Mickey arrived at Top Ten a couple of years ago, after a friend-of-a-friend found they couldn't provide a good home for him.
"We thought we had a better place for him, a better environment," MacDonald says.
At first he was a bit of a scaredy-cat, but the store had lots of nooks for him to shelter in, and he got more comfortable with people. He also took on the job of mouser; when Top Ten faced a rodent issue a couple of years ago, Mickey took it on.
MacDonald says Mickey might have saved the business by dealing with the infestation and continues to scare off rodents to this day.
"We got him for business, essentially," he says. "He had a job and he's grown into much more."
The role Mickey plays is important to the business, MacDonald adds, and "everything else... was just blessings."
No order has been given, but VCH has done an educational visit.
"The operation of food premises in B.C. is a regulated activity under the Public Health Act and an operator must not permit live animals to be on the premises. There are exceptions for service dogs and live fish in an aquarium," a VCH spokesperson tells V.I.A.

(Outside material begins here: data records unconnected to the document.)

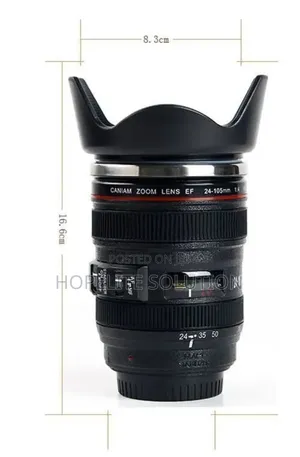 Lens Thermo Cup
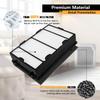 HAPF600 Filter 2 Pack Compatiable with Holmes B Filter - Replace for HAPF600D HAP615 HAP625 HAP650 HAP675RC HAP725 HAP750 HAP1625 HAP1650 HAP1725 HAP1750 view 2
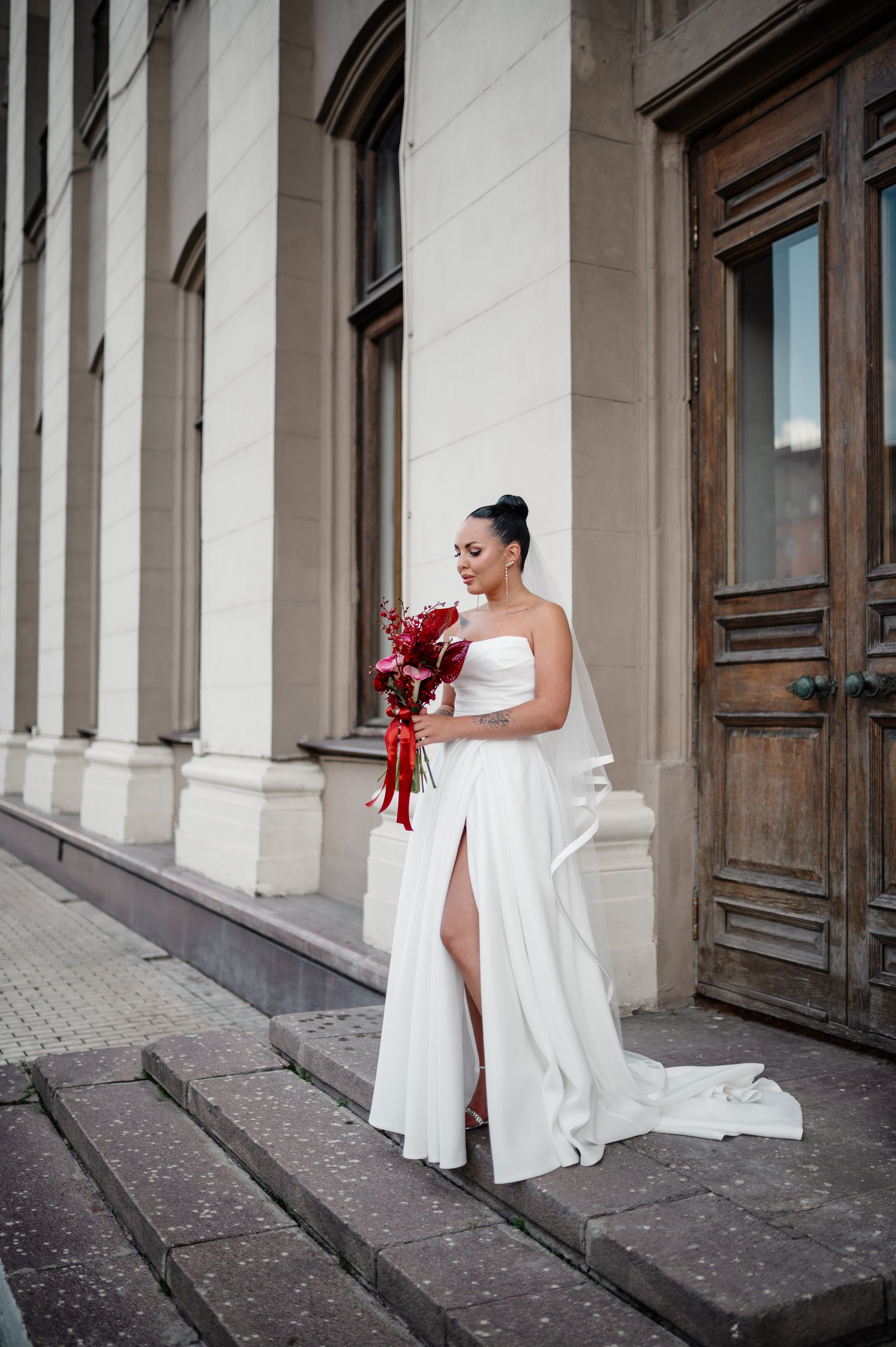 Marina & Sasha. Свадебный и индивидуальный фотограф Никита Роут | Москва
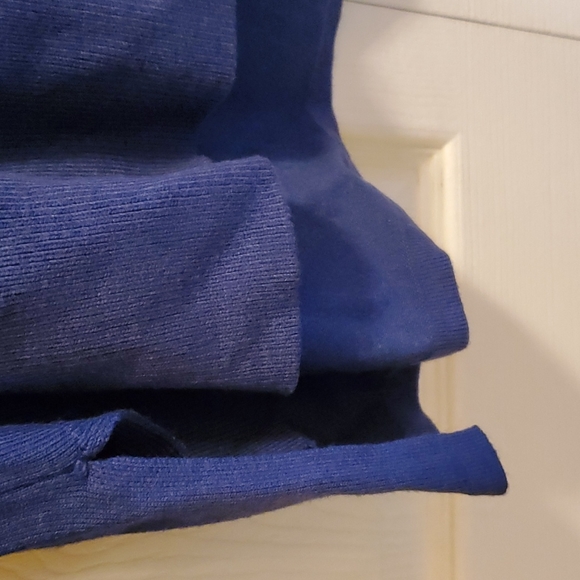 2 Listings for $33. NWT Blue sweater - Picture 7 of 11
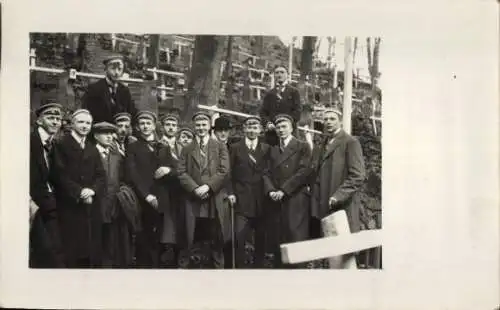 Studentika Foto Ak Studenten, Gruppenfoto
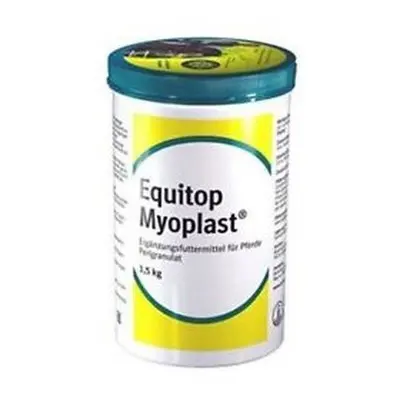 Boehringer Ingelheim Equitop Myoplast Muscle Supplement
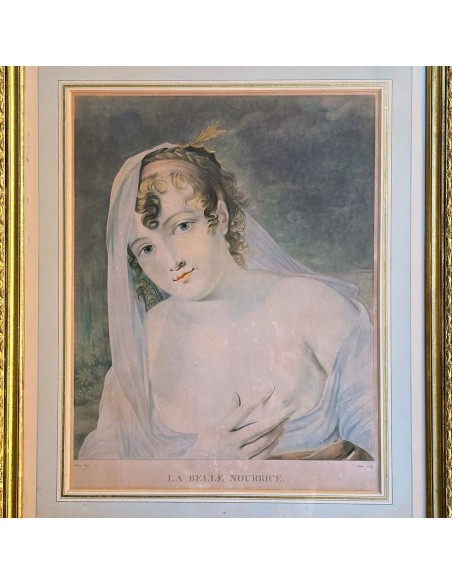 LA BELLE NOURRICE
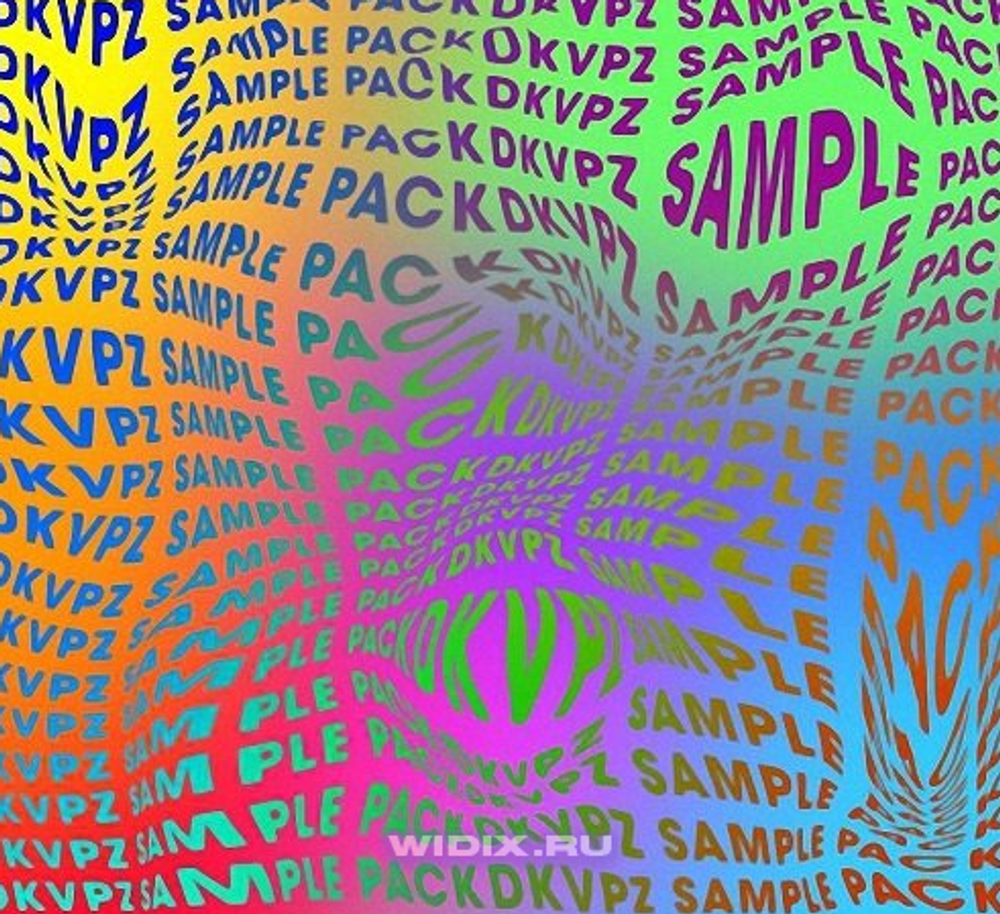 Splice Sounds - DKVPZ, sample pack (WAV) - сэмплы hip hop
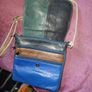 leather handbag Image 2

They note the "use of live animals is also not a recognized component of an integrated pest management program for controlling pests in food premises."
MacDonald hopes a change can be made, and there's support in the community.
"People can't find a reason why not to have [Mickey] is pretty much the sense of it," he says.
MacDonald says he's busy managing the shop and hasn't had time to run a campaign to support the cat. But the community has taken it on. There's an online petition, social media posts and a physical petition at the store.
Is MacDonald surprised by the response?
"Not really, just because I see how much people love him and how much they like our store. They want us to be here," he says, noting that without Mickey, the store might not be there.
"There's no other stores around here. We do play a kinda important role," he adds. "[We have] a responsibility to the neighbourhood and he's actually part of that."
So far, around 3,000 people have signed the online petition. When discussions with VCH continue, MacDonald says he'll ask how to move forward.
However, he's worried that while other shop animals fly under the radar, Mickey's newfound fame may be to his detriment.
"I'd like Mickey to stay here, but I'm scared. I feel this publicity means he cannot stay here."